I wonder how many people remember Cumberland Clark – writer, critic, Shakespearian scholar and, inexplicably, one of the worst poets to ever wreak havoc on the English language?

Almost exactly 80 years ago the extraordinary literary crimes that he so gleefully committed were finally brought to an end when a wartime enemy  air raid scored a direct hit on his Bournemouth flat. Both Clark and his loyal housekeeper Miss Kathleen Donnelly were killed.

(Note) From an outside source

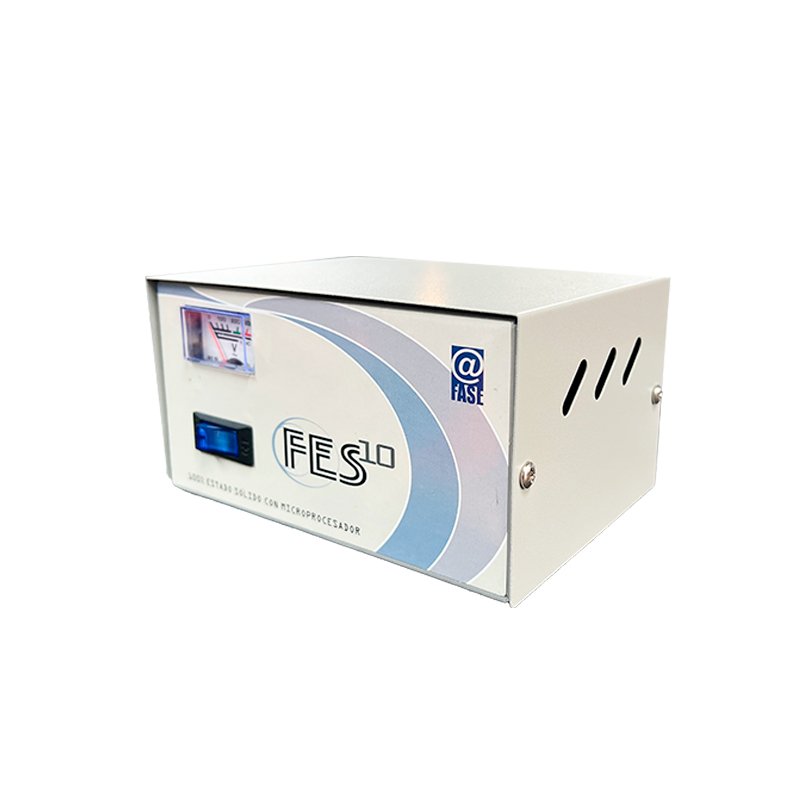 ESTB 1KVA FASE SOLIDO FES-10 Estabilizador de Voltaje Elise - Fase FES-10, Estado Sólido, Potencia: 1KVA = 1000VA[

Though London born and well-travelled, Bournemouth was Cumberland Clark’s adopted home. He loved the town and in the final decades of his life he eulogised it endlessly, churning out ghastly doggerel that made a mockery of his classical education and previous serious literary endeavours.

The Bournemouth Songbook, which he first privately published in 1929, contained more than 150 ‘songs’ in verse so plodding that you have to marvel at his endless determination to find a rhyme, however awful it might be.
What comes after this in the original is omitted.